What you return should be the exact lines from the one with "Giuseppe Zanotti AW12" to the end of the records below, both included, and no pictures.

## [Material provided]
***

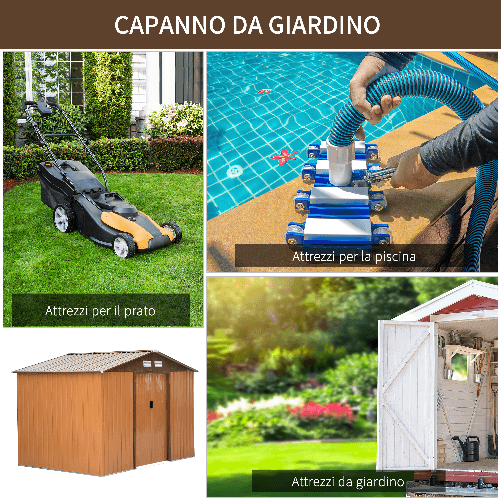 Outsunny-Casetta-da-Giardino-con-Base-e-Doppie-Porte-Scorrevoli-in-Lamiera-di-Acciaio-Capanno-da-Giardino-in-Acciaio-277x195x192cm-Gialla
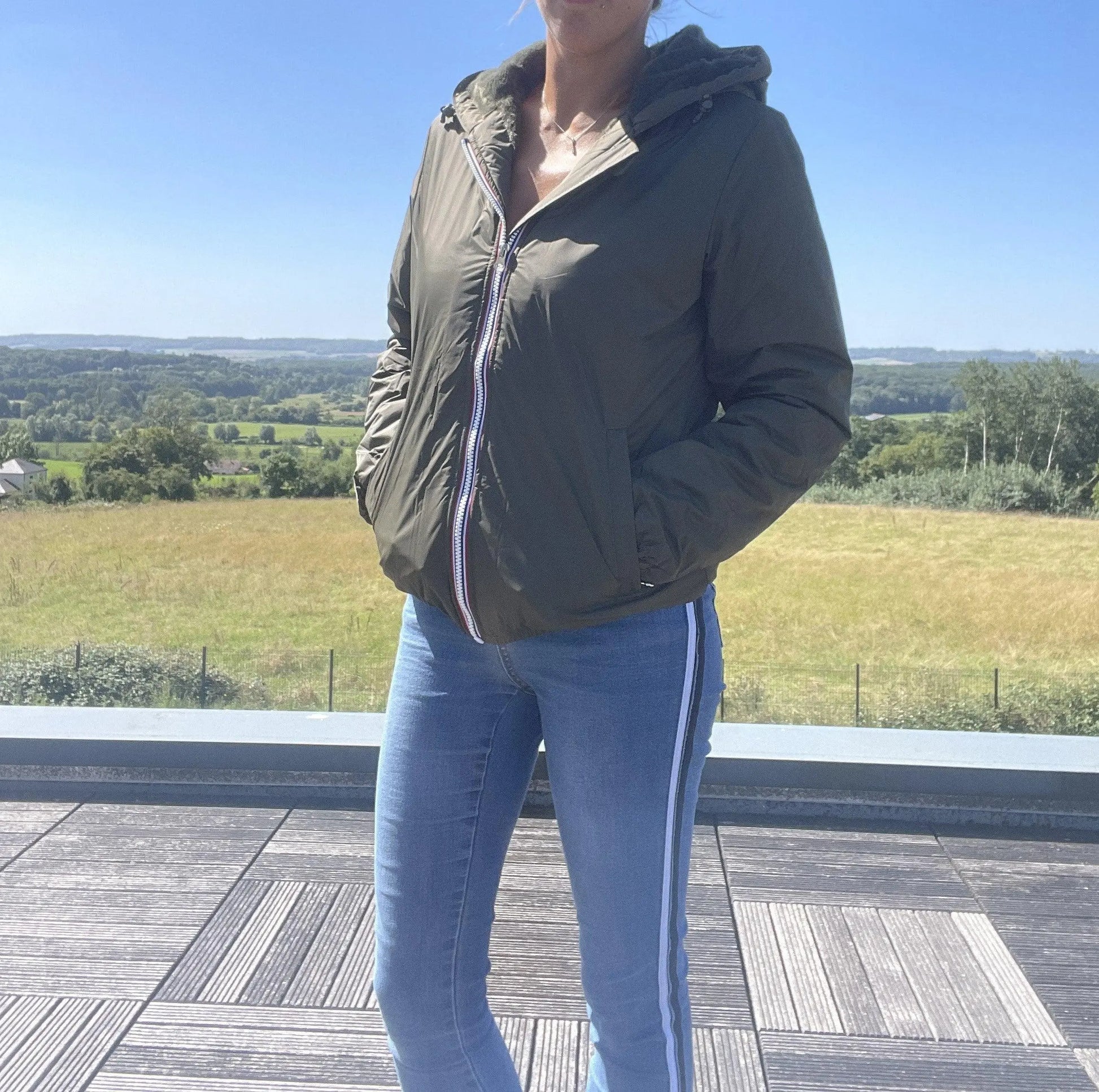 Manteau Court Fourré Kaki Femme Laura Jo - Imperméable Hiver Laura Jo
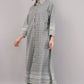 Charcoal Grey Ethnic Print Co-ord Set | Longline Tunic & Embroidered Wide-Leg Pants
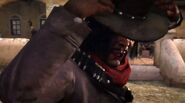 Mateo Clisante mettant le chapeau de John Marston.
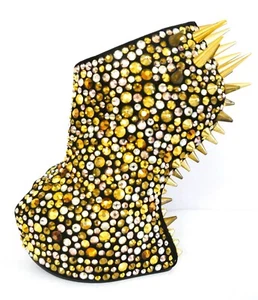 Giuseppe Zanotti AW12 Spike Crystal Stud Maxi Wedge Booties Heels NWT $2950 - Picture 1 of 8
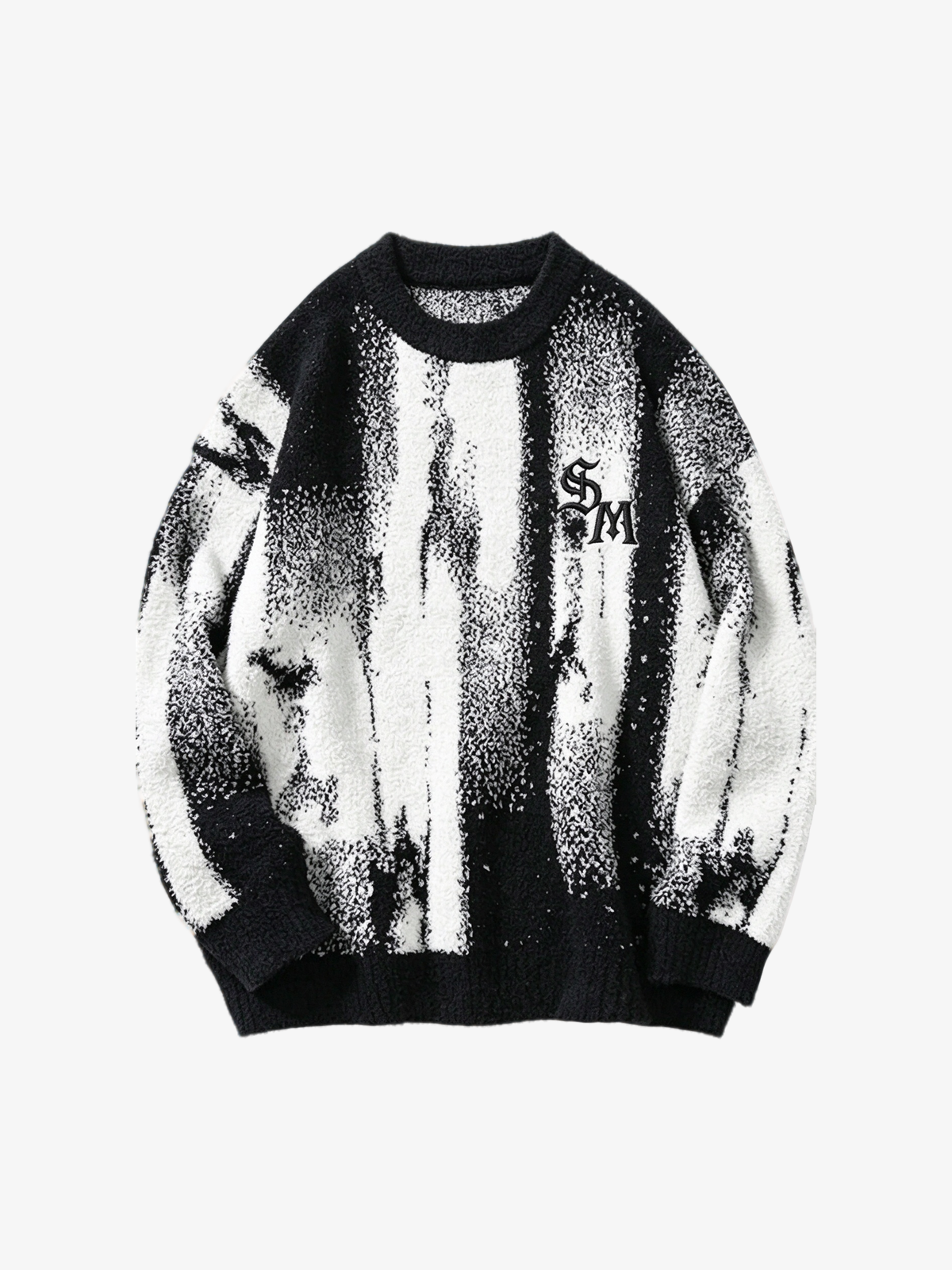 Abstract Portrait Graphic Jacquard Knit Sweater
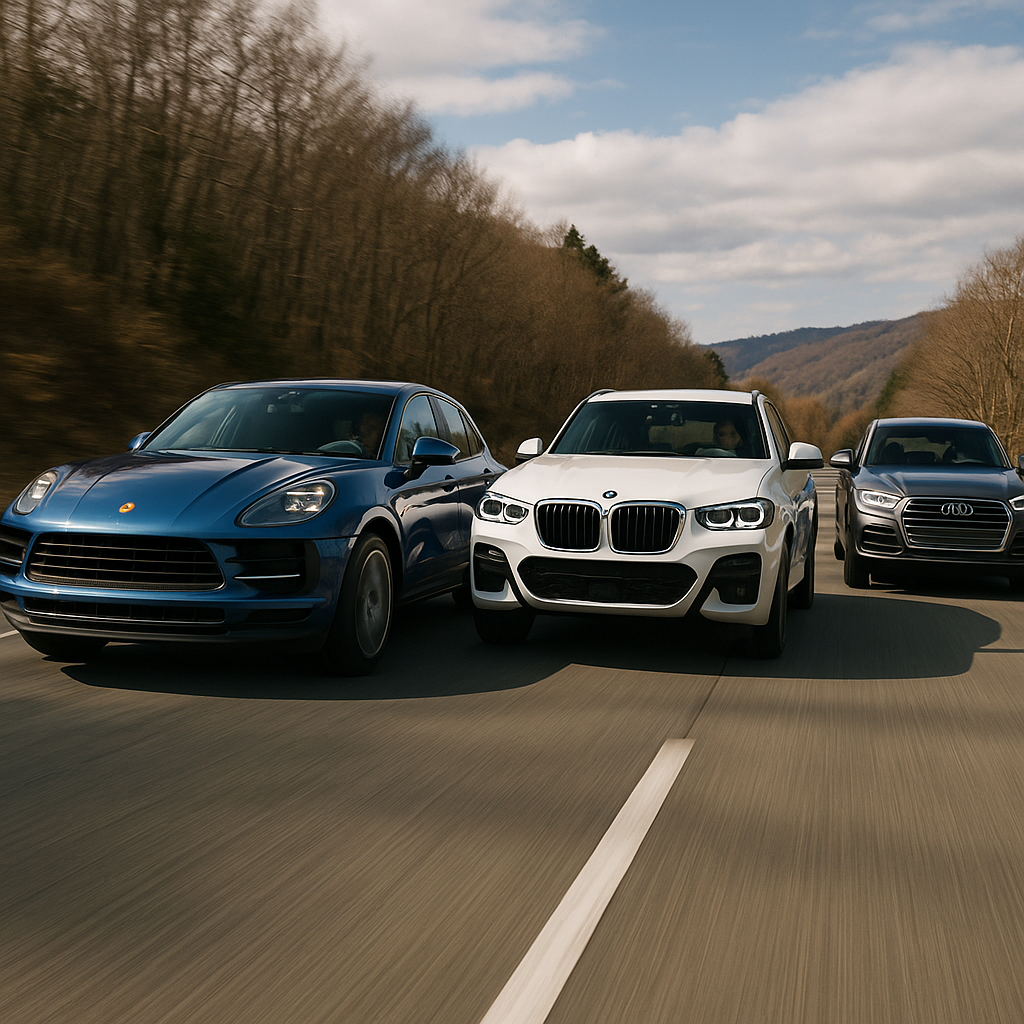 ポルシェ・マカン 4SとBMW X3 M50、アウディSQ5の比較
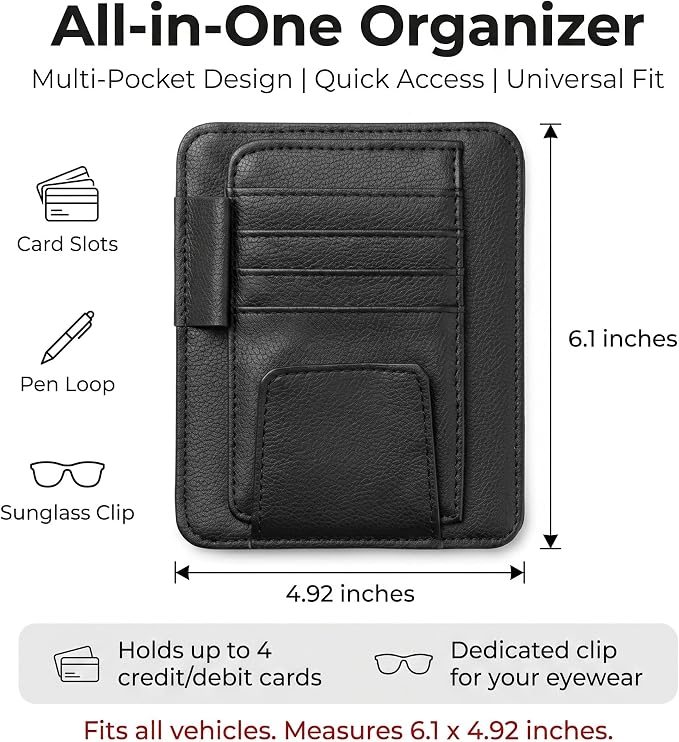 1 PC Car Sun Visor Organizer, Multifunctional Visor Storage with Card Slots and Pen Loop, for Sunglasses Documents and Cards, Universal for Most Cars, SUVs, Trucks (Black)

***

## [Answer for the task]
 Giuseppe Zanotti AW12 Spike Crystal Stud Maxi Wedge Booties Heels NWT $2950 - Picture 1 of 8
 Abstract Portrait Graphic Jacquard Knit Sweater
 ポルシェ・マカン 4SとBMW X3 M50、アウディSQ5の比較
 1 PC Car Sun Visor Organizer, Multifunctional Visor Storage with Card Slots and Pen Loop, for Sunglasses Documents and Cards, Universal for Most Cars, SUVs, Trucks (Black)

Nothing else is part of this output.